Cloudera has very little things to not like it until it fails for some (usually) unknown reason. Crashes are not common but it's very annoying when it happens on a very long job. When we deal with distributed systems, however, failures are a very common thing so it lacks some better feedback of logs and error logs.
What problems is the product solving and how is that benefiting you?
If you want to deploy a relatively small cluster to execute batch processing that was taking days to hours, or some high speed queries that where taking hours to some minutes over a large set of data using a known SQL-like language like Hive is perfect.
Recommendations to others considering the product:
Cloudera and Hortonworks are the products to start with if you don't really know absolutely everything that is involved in a Hadoop cluster. Cloudera is more popular and have been around lot of time but Hortonworks is also a good option. Cloudera certifications are valuable in the industry (althought Hortonworks are cheaper). It depends on your focus, if your prefer some more known and used product to start in a Big Data cluster and pretend to be certified, try one of the virtual machines that Cloudera offers to start playing with. If you simply want to learn a bit of "Big Data" things for yourself, maybe I'll give a try to Hortonworks as all it's architecture is also open to read and learn.
- Leave a Comment |
- Mark review as helpful
I love Cloudera
What do you like best about the product?
Cloudera is the LEADING managed Hadoop platform. Previous organizations I've worked at have used Hortonworks or Pivotal, but Cloudera emerged as the leading stack. Their platform offers everything – Hadoop, HDFS, YARN, MapReduce, Pig, Hive, Hbase, Oozie, Impala, Spark, Sqoop, and so much more. Their release cycle is pretty quick, and their developers and specialists are experts and contributors to the Apache open source projects. I love Cloudera. Take a look at their blog!
What do you dislike about the product?
The release cycle for CDH is a bit slow, but it's a trade off for stability and security. For example, Spark runs out of the box as an app on YARN. But Spark's rapid release cycle fell into Cloudera's longer cycle, and we wound up with Spark 1.3 for months as 1.4 and 1.5 were released.
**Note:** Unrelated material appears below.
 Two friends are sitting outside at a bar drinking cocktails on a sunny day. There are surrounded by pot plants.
The training is a bit repetitive & shallow at times, and could go more in depth, especially with so many talented developers on staff.
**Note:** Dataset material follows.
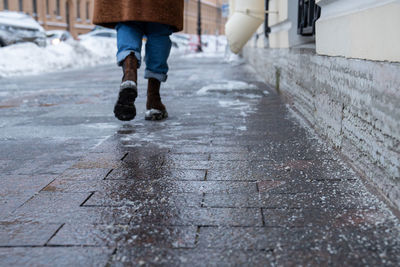 Low section of woman walking on footpath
The training is a bit repetitive & shallow at times, and could go more in depth, especially with so many talented developers on staff.
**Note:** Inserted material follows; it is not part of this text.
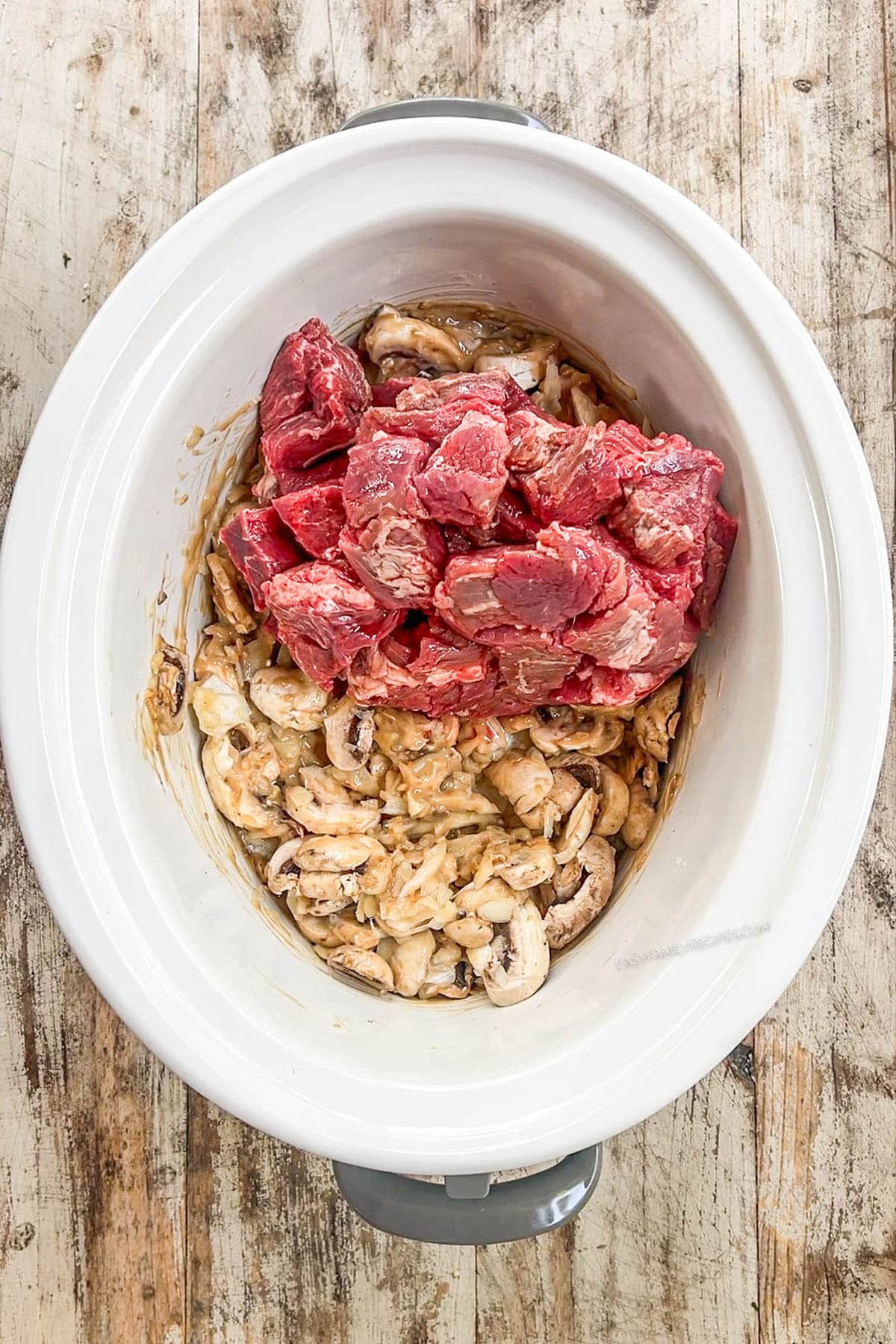 Stew meat is added to the Crock Pot, step 3 in making slow cooker stroganoff.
What problems is the product solving and how is that benefiting you?
We have a couple of data lakes that we migrated and built out on Cloudera. Primarily business intelligence and analytics.
Clouder Easy Install
What do you like best about the product?
Easy to install, simple to configure. Dashboard and API Dashboard ease of use. A lot of services
What do you dislike about the product?
Sometimes manager host needs a lot of RAM. Cloudera client sometimes not responsive
What problems is the product solving and how is that benefiting you?
Hadoop management made easy
Recommendations to others considering the product:
yes, its better than other vendor IMHO
Cloudera is a great hadoop environment
What do you like best about the product?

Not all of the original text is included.